EU has enormously benefitted UK universities and students

Written by Christina Slade on 2 August 2017

University graduates | Photo credit: Press Association

Universities, like all cultural institutions, thrive on networks. They have always been global, they have never respected national borders. Connections into Europe fostered by the European Union have been enormously valuable for the UK. 

Although the number of UK students with a period abroad has been growing at a steady rate in recent years, the UK's rates of participation, seven per cent from 2014-2015, are low by international standards. 

The EU's Erasmus+ programme forms an integral part of the UK's outward mobility landscape - as much as 55 per cent of mobility takes place through Erasmus+ and the success of the programme, at least in part, can be seen through the fact that more than two-thirds of UK student mobility takes place in an EU country. 


The European Commission's latest figures show that in the 2015-2016 academic year, 9836 UK students studied abroad on Erasmus+ and 6608 UK students worked abroad on Erasmus+. The UK also hosted 30,183 students under the Erasmus+ scheme in 2015-2016. 

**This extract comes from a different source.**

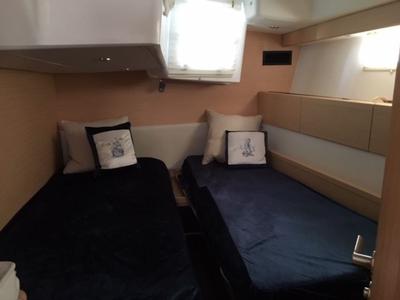 Cabin on Padraigin II, a Jeanneau 58 sailboat at Chesapeake, United States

Mobility enhances the prospects of all graduates, but more dramatically so for students from lower socio-economic backgrounds. Research published in the 'Gone international: mobility works' report by Universities UK International shows that UK graduates who were mobile during their degree were less likely to unemployed (3.7 per cent compared to 4.9 per cent) and to earn five per cent more than non-mobile peers. 

Erasmus+ is not simply about student mobility. 2015-2016 figures show that 1700 staff from UK institutions used Erasmus+ to teach abroad while 1260 travelled abroad for training; these figures have increased 88 per cent since 2007. 

It is clear that if the UK government does not or chooses not to secure continued participation in these programmes that it could and, in my opinion, must replace the lost funding domestically. 

Switzerland's recent experience of creating similar programs could both provide an example and an opportunity to learn lessons for the UK and the EU in trying to do so.